Only the lines from the top of the data through the line containing "vhbw 5x cassette" should be duplicated, exactly as they appear.

· · · · · · ·

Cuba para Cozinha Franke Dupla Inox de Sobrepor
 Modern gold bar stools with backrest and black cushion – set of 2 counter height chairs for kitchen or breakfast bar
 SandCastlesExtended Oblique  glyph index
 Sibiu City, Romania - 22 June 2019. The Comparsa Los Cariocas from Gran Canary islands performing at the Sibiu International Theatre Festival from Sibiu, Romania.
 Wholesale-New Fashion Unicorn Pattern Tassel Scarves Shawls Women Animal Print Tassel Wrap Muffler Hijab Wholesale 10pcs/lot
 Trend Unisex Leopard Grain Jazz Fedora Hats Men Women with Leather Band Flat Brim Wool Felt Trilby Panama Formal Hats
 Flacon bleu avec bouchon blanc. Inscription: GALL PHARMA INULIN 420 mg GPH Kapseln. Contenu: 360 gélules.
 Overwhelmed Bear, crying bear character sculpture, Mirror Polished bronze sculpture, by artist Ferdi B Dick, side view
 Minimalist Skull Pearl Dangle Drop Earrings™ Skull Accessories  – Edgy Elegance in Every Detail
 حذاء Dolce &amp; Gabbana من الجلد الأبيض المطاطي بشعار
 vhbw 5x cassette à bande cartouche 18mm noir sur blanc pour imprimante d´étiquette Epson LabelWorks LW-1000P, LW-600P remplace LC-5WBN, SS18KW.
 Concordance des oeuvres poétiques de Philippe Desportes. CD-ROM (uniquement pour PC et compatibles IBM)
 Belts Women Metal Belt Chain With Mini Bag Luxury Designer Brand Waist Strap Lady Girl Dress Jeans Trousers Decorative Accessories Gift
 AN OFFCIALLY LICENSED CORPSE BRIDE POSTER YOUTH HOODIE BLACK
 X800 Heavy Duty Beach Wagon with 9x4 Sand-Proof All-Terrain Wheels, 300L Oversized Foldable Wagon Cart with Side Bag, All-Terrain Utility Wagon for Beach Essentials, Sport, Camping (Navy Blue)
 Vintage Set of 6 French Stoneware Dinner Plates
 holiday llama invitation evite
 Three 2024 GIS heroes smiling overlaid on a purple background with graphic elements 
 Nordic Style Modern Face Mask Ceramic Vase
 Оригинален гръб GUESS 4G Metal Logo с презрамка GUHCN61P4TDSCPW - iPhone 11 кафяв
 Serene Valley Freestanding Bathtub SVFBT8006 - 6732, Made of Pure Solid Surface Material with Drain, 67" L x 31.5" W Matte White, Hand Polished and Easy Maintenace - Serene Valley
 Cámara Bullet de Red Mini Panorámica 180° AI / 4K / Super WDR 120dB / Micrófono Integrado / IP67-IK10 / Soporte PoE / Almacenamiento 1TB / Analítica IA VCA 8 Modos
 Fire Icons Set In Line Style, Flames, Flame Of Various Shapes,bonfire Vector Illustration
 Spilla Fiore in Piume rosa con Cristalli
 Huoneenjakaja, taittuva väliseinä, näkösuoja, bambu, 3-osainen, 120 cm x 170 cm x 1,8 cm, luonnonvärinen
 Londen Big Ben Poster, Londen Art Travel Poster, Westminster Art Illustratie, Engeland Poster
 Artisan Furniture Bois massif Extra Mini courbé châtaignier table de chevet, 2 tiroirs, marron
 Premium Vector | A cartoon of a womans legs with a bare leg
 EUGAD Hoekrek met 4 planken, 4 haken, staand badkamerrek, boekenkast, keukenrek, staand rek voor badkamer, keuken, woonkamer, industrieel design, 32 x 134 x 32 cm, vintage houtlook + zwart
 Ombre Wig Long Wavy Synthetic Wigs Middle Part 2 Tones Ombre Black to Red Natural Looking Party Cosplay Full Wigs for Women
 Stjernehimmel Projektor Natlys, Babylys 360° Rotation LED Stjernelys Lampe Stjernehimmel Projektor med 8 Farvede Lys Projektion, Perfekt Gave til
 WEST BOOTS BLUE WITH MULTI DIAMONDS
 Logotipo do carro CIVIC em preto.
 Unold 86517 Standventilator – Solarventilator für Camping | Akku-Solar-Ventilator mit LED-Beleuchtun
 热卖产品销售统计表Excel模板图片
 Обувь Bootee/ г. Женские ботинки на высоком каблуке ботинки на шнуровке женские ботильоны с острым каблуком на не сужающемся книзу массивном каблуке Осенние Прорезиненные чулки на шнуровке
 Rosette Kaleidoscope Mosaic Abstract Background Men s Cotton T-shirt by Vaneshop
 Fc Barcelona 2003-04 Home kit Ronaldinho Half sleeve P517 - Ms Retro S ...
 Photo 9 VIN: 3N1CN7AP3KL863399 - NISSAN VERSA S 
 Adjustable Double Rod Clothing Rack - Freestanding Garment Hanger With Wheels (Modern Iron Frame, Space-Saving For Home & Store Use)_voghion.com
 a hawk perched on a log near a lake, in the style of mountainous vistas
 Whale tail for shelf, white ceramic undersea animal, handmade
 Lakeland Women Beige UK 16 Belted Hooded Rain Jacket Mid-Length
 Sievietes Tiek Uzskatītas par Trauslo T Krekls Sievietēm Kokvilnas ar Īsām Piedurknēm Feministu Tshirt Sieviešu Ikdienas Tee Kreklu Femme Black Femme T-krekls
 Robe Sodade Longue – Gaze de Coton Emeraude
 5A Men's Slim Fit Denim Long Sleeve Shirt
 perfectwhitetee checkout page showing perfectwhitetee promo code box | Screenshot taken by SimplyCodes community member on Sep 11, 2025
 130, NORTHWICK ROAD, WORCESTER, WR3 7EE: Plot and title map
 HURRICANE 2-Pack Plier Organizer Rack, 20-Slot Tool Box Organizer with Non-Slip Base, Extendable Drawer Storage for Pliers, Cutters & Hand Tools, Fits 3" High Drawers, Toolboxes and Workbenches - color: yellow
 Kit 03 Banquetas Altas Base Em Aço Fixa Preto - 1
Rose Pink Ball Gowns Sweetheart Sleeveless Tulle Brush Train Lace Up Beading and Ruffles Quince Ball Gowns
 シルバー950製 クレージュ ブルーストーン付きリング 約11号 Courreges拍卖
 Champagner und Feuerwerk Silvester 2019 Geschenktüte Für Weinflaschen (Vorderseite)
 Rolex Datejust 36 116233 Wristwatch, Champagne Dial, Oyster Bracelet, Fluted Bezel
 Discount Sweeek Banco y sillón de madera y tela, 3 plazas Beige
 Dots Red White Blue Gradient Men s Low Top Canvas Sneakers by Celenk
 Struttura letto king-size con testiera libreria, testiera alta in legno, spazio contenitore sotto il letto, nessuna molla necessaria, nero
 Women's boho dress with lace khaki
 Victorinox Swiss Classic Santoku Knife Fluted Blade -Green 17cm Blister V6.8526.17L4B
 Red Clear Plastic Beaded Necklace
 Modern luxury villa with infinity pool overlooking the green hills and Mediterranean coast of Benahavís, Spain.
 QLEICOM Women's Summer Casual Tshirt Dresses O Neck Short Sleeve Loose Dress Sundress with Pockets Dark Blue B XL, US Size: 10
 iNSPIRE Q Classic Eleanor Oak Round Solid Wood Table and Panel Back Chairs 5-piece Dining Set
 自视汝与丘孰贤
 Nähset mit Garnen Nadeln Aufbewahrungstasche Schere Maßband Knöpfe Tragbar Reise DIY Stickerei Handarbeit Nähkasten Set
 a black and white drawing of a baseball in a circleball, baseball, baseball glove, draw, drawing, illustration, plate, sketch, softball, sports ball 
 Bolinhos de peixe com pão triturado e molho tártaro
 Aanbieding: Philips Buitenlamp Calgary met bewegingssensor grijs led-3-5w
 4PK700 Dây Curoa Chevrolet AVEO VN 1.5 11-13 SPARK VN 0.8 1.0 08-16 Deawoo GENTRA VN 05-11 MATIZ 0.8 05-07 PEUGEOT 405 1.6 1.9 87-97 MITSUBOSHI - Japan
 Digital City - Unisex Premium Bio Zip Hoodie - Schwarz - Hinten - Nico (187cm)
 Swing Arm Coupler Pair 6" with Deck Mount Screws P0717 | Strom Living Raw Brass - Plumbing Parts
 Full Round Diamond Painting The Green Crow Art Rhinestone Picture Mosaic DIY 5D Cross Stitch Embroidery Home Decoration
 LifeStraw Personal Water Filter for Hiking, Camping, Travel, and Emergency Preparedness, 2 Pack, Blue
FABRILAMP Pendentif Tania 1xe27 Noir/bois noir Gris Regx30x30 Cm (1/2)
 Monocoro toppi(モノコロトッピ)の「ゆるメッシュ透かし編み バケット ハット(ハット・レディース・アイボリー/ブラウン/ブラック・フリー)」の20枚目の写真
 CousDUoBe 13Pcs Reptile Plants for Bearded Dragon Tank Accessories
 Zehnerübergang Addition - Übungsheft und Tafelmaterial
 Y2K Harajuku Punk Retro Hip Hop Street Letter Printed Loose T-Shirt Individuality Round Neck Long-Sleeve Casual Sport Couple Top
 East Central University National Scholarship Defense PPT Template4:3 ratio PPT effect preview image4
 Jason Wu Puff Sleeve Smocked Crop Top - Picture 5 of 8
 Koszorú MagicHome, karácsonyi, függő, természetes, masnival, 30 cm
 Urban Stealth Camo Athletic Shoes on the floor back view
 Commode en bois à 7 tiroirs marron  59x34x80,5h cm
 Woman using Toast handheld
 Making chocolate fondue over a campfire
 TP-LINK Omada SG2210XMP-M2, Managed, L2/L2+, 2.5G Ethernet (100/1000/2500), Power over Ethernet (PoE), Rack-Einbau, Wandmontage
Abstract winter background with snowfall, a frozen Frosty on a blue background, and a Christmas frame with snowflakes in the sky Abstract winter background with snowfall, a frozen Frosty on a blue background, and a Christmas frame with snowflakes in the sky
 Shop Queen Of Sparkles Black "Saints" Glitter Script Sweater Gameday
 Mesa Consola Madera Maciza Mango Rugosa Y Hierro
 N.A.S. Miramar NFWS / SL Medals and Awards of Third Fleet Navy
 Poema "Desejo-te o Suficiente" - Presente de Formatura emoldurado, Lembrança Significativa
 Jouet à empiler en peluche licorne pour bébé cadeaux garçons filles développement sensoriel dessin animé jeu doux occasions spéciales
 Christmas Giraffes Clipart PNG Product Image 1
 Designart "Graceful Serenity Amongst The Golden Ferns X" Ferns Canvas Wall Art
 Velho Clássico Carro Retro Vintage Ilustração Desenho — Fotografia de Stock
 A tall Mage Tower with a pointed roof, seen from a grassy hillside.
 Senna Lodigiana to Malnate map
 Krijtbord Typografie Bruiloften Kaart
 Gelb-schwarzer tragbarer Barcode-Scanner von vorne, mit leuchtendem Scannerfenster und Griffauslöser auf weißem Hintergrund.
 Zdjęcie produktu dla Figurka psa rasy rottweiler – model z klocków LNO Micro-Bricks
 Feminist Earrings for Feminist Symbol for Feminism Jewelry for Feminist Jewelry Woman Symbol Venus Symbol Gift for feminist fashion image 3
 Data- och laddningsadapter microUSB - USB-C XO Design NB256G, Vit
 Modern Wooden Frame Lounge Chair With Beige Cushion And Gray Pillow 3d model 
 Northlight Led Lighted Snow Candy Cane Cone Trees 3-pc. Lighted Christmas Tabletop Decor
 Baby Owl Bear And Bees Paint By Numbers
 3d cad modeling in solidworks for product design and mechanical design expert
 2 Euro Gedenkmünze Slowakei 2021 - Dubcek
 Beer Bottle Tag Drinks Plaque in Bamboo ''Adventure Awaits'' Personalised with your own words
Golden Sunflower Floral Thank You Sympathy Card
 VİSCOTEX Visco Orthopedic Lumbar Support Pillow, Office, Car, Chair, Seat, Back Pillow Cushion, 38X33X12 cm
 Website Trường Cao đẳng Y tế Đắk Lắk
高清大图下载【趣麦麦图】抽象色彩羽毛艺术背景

· · · · · · ·

**Written response**
Cuba para Cozinha Franke Dupla Inox de Sobrepor
 Modern gold bar stools with backrest and black cushion – set of 2 counter height chairs for kitchen or breakfast bar
 SandCastlesExtended Oblique  glyph index
 Sibiu City, Romania - 22 June 2019. The Comparsa Los Cariocas from Gran Canary islands performing at the Sibiu International Theatre Festival from Sibiu, Romania.
 Wholesale-New Fashion Unicorn Pattern Tassel Scarves Shawls Women Animal Print Tassel Wrap Muffler Hijab Wholesale 10pcs/lot
 Trend Unisex Leopard Grain Jazz Fedora Hats Men Women with Leather Band Flat Brim Wool Felt Trilby Panama Formal Hats
 Flacon bleu avec bouchon blanc. Inscription: GALL PHARMA INULIN 420 mg GPH Kapseln. Contenu: 360 gélules.
 Overwhelmed Bear, crying bear character sculpture, Mirror Polished bronze sculpture, by artist Ferdi B Dick, side view
 Minimalist Skull Pearl Dangle Drop Earrings™ Skull Accessories  – Edgy Elegance in Every Detail
 حذاء Dolce &amp; Gabbana من الجلد الأبيض المطاطي بشعار
 vhbw 5x cassette à bande cartouche 18mm noir sur blanc pour imprimante d´étiquette Epson LabelWorks LW-1000P, LW-600P remplace LC-5WBN, SS18KW.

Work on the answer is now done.